We have so much to learn from previous generations.  Many of us have been fortunate enough to have learned these lessons first hand.  Wendy and Timika both have shared some of the treasured wisdom each of them has learned on the podcast.  We hope our lessons have touched your heart and given you practical insight you can pass on to your family.  In this post from December of 2017 on GirlFIday.com, Wendy shares with us the lessons she has learned on the value of time and savings. 

LESSONS ON THE VALUE OF SAVING AND TIME

Growing up, I thought it was so weird, well – if I am honest, embarrassing, that Grandma Florene and Grandpa Willard took my sister and I with them to shop at the “dented-can” stores and day-old bread stores.  I also thought it was weird that in the spare bedroom, of their little 2 bedroom house, was a shelf full of canned goods and non-perishables.

On my high school graduation day, Grandpa Willard handed me an envelope with a $100.00 bill in it.  I knew where that money came from.  For years, I saw stacks of KFC Styrofoam containers with a slit cut into their lids filled up with pennies.  There were towers of them on a shelf by the side door.  I did not know what he was saving up for then, but when I received that $100.00, I knew and I knew how long he had been saving to give me this gift.

What I wouldn’t give now to sit down with my grandma and talk to her about their frugality.  Or my grandpa.  But he was a man of few words.  I don’t know if I can recall a sentence with him that had more than five words.  That didn’t matter – he loved us.  Man, how he loved us.  He never had to say it – the look in his eyes was enough. And this gesture, pennies saved for years, every penny purposefully set aside for me and my sister – we always knew.

I know now, their frugality was born out of extreme hardships encountered during the wars before we were born.  Need we haven’t really experienced as a nation since then.  We have faced recessions, extreme unemployment, the bursting of bubbles and the “great recession” but even so, the hallmark of our recovery was a pole vault back into the same consumerism all over again.  Frugality didn’t sick  – it hasn’t “stuck” for the vast majority of Americans since then.  When times are hard, we can’t wait to be able to freely spend again.  Which is never really free, it comes at an expense.  Interest, debt, payments over time.

Curt and I have participated fully in all of it.  And here we are.  In a heap of debt. Drastically behind in our savings. But changing.  Not slowly – this time it was like light switch.  Once we saw what we could accomplish if we “exited” ourselves from the current consumerist undertow we took the plunge.  We dove deep into a simpler system – one where we continually pursue opportunities to spend less, save more and pay down debt.

In less than six months, we have seen our savings rate jump from nothing (a big fat ZERO) to over 20%.  We have paid off several credit cards, a car and other accounts.  Our (negative) net worth is getting LESS negative every month.

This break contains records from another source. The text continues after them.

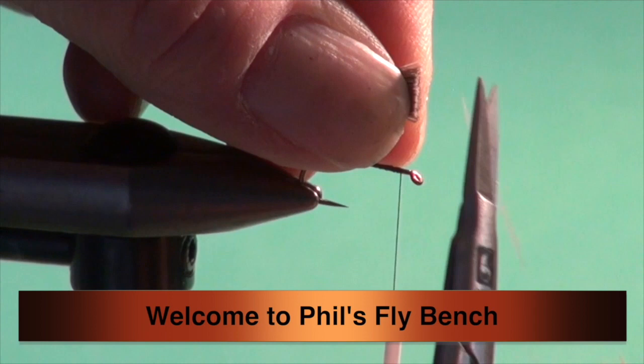If you like simple, minimal-materials flies — what we call guide flies — stick around, because you're going to love this.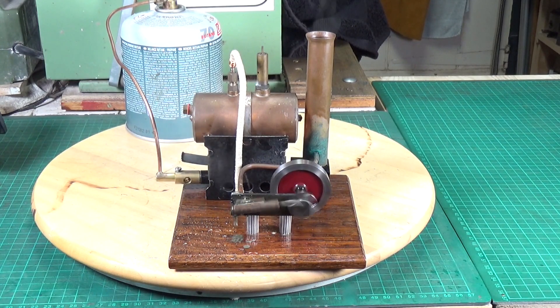So there you go — finally some model steam engine content on my channel, which is basically all about model steam engines even if we haven't seen many of them recently! I'm going to take it apart, clean up the boiler, clean up the chimney, and clean the cylinder — but it's a perfectly functional model steam engine as it is. Anyway, hope you enjoyed this, thanks as always for watching, cheers!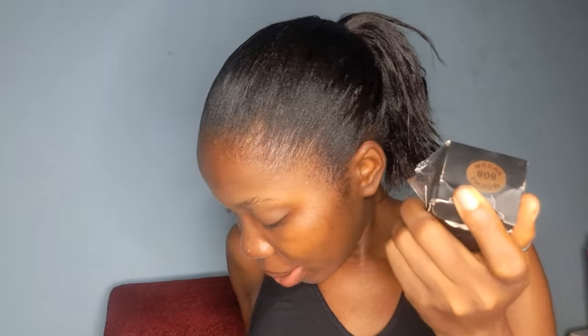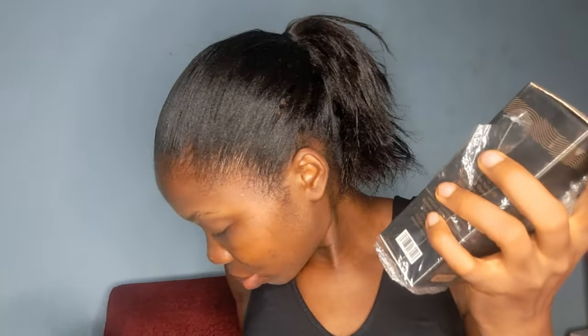So I got four shades. I got the darkest shade which is Mocha, I got Chestnut, and I got Honey.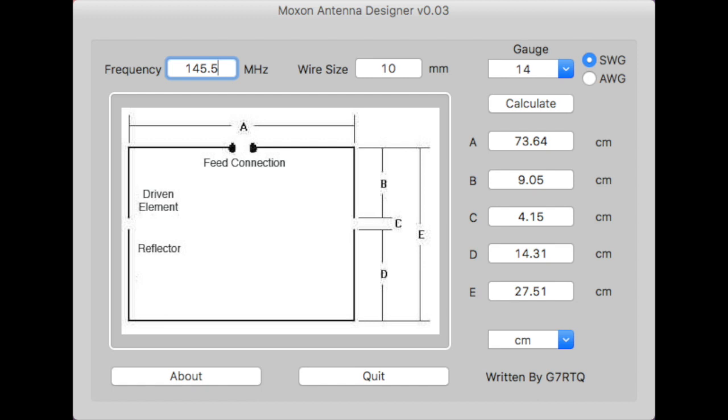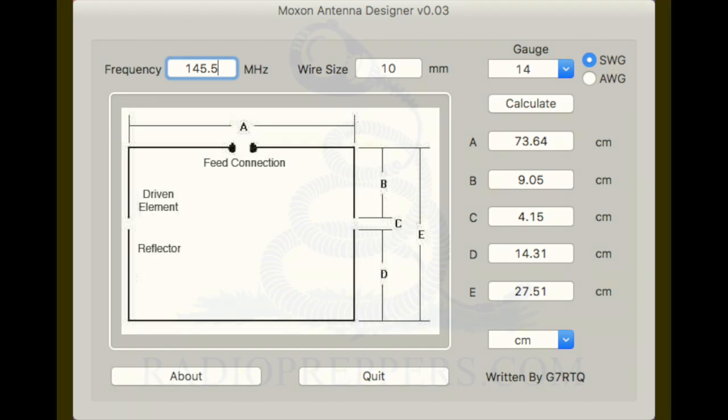And of course, we'll have operating on 2 meter and 6 meter with these antennas. Unfortunately that's all I have for now, but part 2 will be, I hope, more exciting. Have a good one.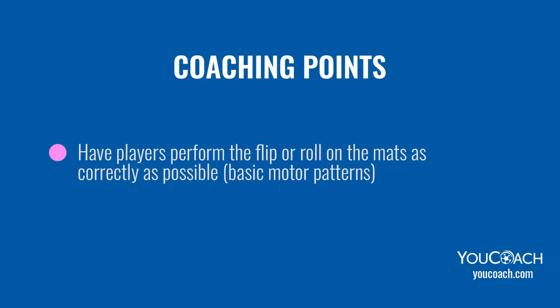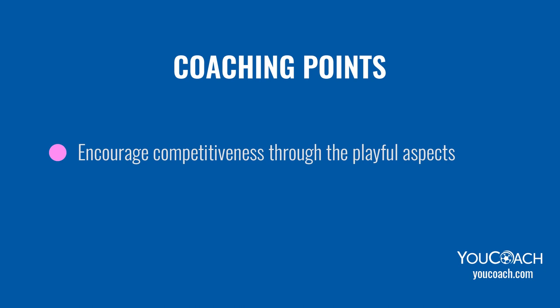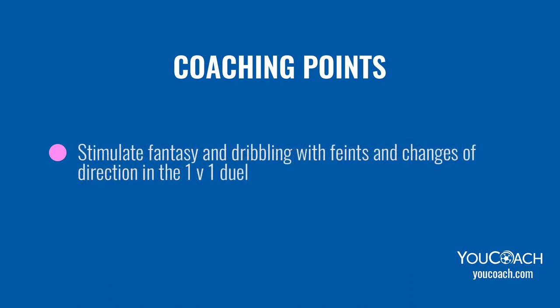Coaching points: have players perform the flip or roll on the mats as correctly as possible to build basic motor patterns. Stimulate children's mental processing and reaction skills with different stimuli — both visual and auditory. Encourage competitiveness through the playful aspects. Once they learn the sequence, increase the intensity and speed of execution. Stimulate fantasy and dribbling with feints and changes of direction in the 1v1 duel.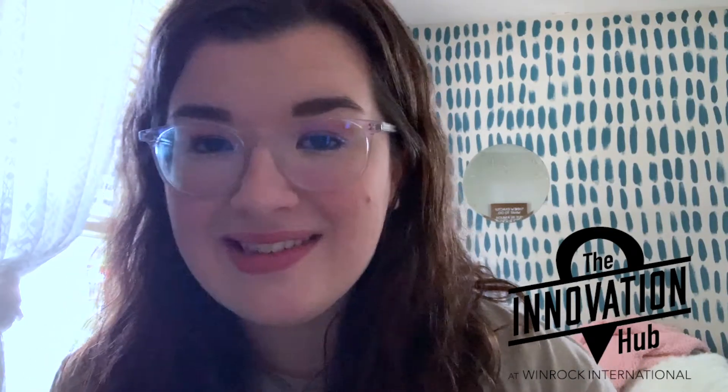Hey guys, thank you for coming on here. My name is Kasey Jeffery and I am the Arkansas Regional Innovation Hub's member engagement associate. I just want to show you guys this accent wall I painted a couple weeks ago. It took me about an hour and it's a great alternative to wallpaper.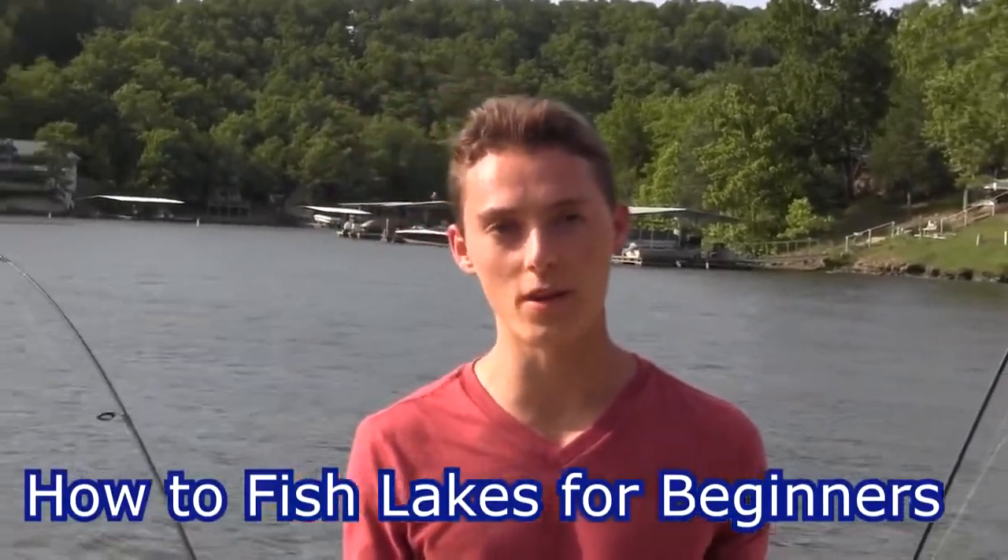What is up guys, this is Zach from Anglers Escape and today I'm going to make a really short and sweet video on how to fish lakes.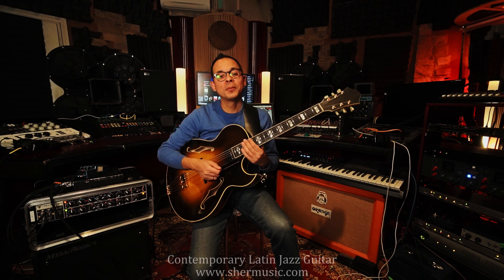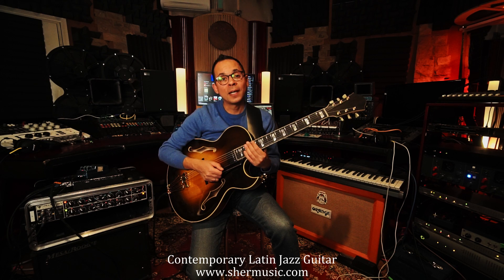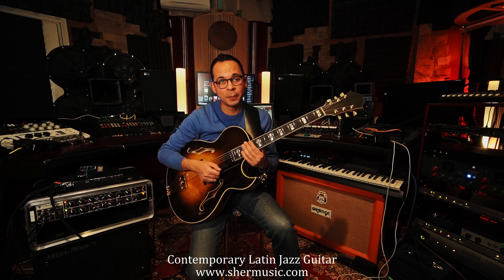Hello, my name is Neff Irizarry, and I'd like to present my new book, Contemporary Latin Jazz Guitar. With this book, I provide a comprehensive approach on Latin jazz guitar from its roots in Afro-Cuban music to the contemporary masters.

It’s like those pennies.  One penny at a time.  Every day.  Turns into stack of pennies, that turns into something big.  Without even thinking about it too much.

I have a coin jar in my office.  Every day one or more of us put coins in it.  Left-over change we find, change from purchases, change I find in the laundry.  I started the jar a few weeks ago and to date we have we have about $25.00 in it.  Soon it will have $100.00.  We intend to then deposit it to be invested into an index fund so those pennies can turn into even more pennies.  Then we will start the process all over again.  Some might think that’s a little weird.  I don’t think my Grandma or Grandpa would think it weird at all.